DES LITRES D’AUTRES EXEMPLES
[En réaction à l’article «Ces navires pourris qui hantent les mers», LT du 11.08.2020]
Prises comme événements isolés, les catastrophes maritimes rendent invisibles les désastres structurels de l’industrie pétrolière. Dans son ouvrage Un nouveau droit pour la terre paru en 2016 dans la collection Anthropocène du Seuil, Valérie Cabanes rappelle combien les accidents médiatiques représentent une goutte d’or noir face aux calamités quotidiennes inhérentes au secteur: incidents volontaires, dégazages de navires ou fuites d’oléoducs non entretenus. Florilège.
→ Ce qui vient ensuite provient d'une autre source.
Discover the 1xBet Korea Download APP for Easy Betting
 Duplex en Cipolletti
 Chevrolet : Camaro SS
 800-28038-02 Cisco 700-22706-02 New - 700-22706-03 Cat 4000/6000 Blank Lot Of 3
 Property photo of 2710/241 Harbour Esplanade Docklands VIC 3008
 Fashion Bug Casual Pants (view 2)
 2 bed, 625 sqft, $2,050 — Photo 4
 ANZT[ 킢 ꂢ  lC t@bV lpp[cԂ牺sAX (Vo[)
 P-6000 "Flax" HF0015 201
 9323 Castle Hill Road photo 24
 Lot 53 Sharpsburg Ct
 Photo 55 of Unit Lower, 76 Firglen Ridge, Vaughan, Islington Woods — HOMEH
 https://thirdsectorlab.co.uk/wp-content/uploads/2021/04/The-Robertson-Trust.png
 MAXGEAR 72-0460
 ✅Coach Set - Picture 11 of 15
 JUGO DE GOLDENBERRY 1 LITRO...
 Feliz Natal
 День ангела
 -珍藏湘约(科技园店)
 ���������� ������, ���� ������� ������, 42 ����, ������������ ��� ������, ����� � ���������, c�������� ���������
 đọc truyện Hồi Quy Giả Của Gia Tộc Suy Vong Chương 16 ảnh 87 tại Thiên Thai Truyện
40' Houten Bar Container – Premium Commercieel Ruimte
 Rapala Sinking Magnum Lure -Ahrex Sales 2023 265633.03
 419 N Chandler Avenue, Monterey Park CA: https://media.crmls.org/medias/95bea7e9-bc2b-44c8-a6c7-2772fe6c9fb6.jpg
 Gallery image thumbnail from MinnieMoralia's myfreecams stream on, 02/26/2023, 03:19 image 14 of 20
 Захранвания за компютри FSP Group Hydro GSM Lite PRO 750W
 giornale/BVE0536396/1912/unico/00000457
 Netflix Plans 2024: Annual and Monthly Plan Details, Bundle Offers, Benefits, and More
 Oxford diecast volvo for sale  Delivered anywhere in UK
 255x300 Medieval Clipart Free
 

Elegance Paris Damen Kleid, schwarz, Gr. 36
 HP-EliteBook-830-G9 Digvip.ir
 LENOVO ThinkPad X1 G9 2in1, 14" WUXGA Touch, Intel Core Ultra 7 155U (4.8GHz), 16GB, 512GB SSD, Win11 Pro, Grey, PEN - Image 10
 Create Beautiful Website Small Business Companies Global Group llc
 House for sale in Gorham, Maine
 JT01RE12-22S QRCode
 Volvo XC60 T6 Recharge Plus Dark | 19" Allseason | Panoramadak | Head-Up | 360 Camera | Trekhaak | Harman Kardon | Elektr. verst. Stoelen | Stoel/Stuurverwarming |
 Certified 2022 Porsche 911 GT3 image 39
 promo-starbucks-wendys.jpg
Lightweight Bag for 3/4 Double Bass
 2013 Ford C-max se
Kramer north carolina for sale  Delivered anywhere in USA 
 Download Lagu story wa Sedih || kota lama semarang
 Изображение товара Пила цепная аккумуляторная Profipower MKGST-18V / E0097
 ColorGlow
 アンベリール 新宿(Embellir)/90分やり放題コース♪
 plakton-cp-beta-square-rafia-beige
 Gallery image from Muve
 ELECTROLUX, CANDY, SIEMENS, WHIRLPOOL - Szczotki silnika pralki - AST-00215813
Pour la seule province de l’Alberta, une enquête canadienne de 2013 signale 28 666 déversements pétroliers depuis 1975. En Amazonie équatorienne, Chevron Texaco a rejeté vingt-six ans durant 64 millions de litres de brut dans la nature et abandonné 880 fosses remplies de déchets d’hydrocarbures, contaminant ainsi des milliards de litres d’eau. Au Nigeria, la pollution dans le delta du Niger, jadis riche d’une fabuleuse biodiversité, est quotidienne. Et selon Amnesty International, les dégâts colossaux, dus notamment à Shell, couvrent la surface du Portugal. La multinationale et le géant italien ENI ont admis plus de 550 fuites uniquement pour 2014.
Quant aux mers, Cabanes signale que les purges illégales répandent annuellement 20 fois plus d’hydrocarbures que le naufrage du Prestige en 2002. […] Au Québec, on recense 334 déversements dans le seul Saint-Laurent en dix ans. En mer du Nord, les compagnies anglaises ont déclaré 110 incidents en 2009 et 2010. Là encore, la pointe de l’iceberg, l’omerta régnant au sein des salariés.